A high-stakes meeting, which could help determine the future of Baltimore’s in-house corruption watchdog, was announced today by City Solicitor Jim Shea.
The July 13 organizational meeting will begin the process of reviewing, and potentially revising, the Office of the Inspector General and assess the performance of its chief, Isabel Mercedes Cumming, who has come under attack from allies of State’s Attorney Marilyn Mosby.
Cumming said she welcomes the review, required under a 2018 charter amendment when authority for her office shifted from the mayor to an oversight committee consisting of appointees of the city’s three top elected officials.
The advisory committee never formally met during the Pugh administration, and the Covid pandemic scuttled potential meetings in 2020, according to city officials.
The absence of an annual review of the OIG – tasked with investigating complaints of waste, fraud and corruption – became a political football after Cumming issued a critical report on the out-of-state travel, gifts and side businesses of Mosby.
A group of activists, led by the president of the local NAACP, demanded that the oversight board meet and review Cumming’s performance.
The group expressed grave concerns that the OIG was unfairly targeting Black elected officials and some Black-owned vendors. Several members called on Cumming to resign or be forced out. (Her current six-year term ends in late 2023.)
Cumming rejected the complaints, saying most of her investigations have involved non-Black officials and contractors, whose discipline was meted out by the administration, not her office.
A private meeting between Kobi Little, president of the local NAACP, Cumming and others did not resolve his concerns, Little announced to the media.
Since then, two members of the City Council – Eric Costello and Sharon Green Middleton – have questioned the OIG’s operations.
At a June 3 budget hearing, Costello chided Cumming for not limiting her opening remarks to a designated eight minutes and questioned her hefty pay raise in 2020.
Cumming said the raise was the result of being out of alignment with her peers in city government. She told the Council that her office had identified $7.1 million in waste during the first 11 months of fiscal 2021.
Costello and Middleton were appointed to the oversight board by City Council President Nick Mosby, who passed over the sponsor of the charter amendment, Councilman Ryan Dorsey.
Mosby is married to State’s Attorney Marilyn Mosby. He has declared in a fundraising letter that his wife is blameless and the victim of a smear campaign.

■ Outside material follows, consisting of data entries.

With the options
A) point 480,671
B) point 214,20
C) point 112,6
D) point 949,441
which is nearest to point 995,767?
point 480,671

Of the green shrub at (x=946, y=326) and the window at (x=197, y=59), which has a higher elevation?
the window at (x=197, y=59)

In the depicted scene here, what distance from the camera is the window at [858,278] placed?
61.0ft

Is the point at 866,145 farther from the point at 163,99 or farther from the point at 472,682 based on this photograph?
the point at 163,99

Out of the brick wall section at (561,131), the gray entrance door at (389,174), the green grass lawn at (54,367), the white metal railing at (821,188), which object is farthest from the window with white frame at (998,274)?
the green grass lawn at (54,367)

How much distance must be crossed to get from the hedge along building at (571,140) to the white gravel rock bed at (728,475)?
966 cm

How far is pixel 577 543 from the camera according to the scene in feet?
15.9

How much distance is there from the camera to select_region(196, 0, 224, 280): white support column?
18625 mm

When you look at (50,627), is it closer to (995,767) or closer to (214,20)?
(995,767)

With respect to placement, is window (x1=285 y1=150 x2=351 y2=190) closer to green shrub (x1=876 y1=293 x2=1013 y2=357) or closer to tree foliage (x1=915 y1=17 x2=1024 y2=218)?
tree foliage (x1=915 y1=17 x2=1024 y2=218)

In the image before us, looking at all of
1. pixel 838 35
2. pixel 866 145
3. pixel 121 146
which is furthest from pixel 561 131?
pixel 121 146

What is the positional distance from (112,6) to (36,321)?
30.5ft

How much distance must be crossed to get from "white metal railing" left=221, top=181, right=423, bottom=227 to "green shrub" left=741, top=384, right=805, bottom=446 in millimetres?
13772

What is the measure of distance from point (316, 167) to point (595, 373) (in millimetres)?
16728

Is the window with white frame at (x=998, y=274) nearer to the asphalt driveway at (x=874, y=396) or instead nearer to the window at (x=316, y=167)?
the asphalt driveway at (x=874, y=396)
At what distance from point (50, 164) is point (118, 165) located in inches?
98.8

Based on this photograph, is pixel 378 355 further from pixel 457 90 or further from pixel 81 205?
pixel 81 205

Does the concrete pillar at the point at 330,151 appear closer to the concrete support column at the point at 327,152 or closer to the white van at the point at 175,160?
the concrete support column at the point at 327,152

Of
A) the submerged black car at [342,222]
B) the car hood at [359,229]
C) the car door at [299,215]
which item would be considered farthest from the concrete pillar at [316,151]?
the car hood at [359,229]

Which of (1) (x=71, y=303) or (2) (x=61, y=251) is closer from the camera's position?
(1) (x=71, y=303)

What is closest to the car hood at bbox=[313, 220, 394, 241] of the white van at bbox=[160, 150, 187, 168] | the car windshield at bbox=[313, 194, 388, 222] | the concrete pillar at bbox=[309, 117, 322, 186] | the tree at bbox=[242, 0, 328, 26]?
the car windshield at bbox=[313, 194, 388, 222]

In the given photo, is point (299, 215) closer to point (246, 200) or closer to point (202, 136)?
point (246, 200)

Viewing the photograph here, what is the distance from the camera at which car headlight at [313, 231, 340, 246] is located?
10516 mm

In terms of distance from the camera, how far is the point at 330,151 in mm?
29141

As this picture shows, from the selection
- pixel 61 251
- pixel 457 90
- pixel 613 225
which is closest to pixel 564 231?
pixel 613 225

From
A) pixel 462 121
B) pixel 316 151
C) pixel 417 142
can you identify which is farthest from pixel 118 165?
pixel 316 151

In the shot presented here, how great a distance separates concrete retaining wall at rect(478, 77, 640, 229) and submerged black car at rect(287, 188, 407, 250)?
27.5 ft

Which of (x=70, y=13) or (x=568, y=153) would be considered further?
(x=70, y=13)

Under the charter amendment, Mosby gets to pick two members of the oversight board. Mayor Brandon Scott and Comptroller Bill Henry each select one member.
The deans of the University of Maryland and University of Baltimore law schools are jointly appointed by the mayor and Council president.
Here are the seven members:
• Jim Shea, city solicitor and board chair.
• Michael Huber, Scott’s chief of staff (mayor’s designee).
• Sharon Middleton, Council vice president (Council president’s designee).
• Eric T. Costello, 11th District councilman (Council president’s designee).
• Erika McClammy, deputy comptroller (comptroller’s designee).
• Donald B. Tobin, dean of UM Francis King Carey School of Law.
• Ronald Weich, dean of University of Baltimore School of Law.
The board’s organizational meeting will be held virtually on July 13 at 11 a.m. It will be open to public viewing, the mayor’s office said today.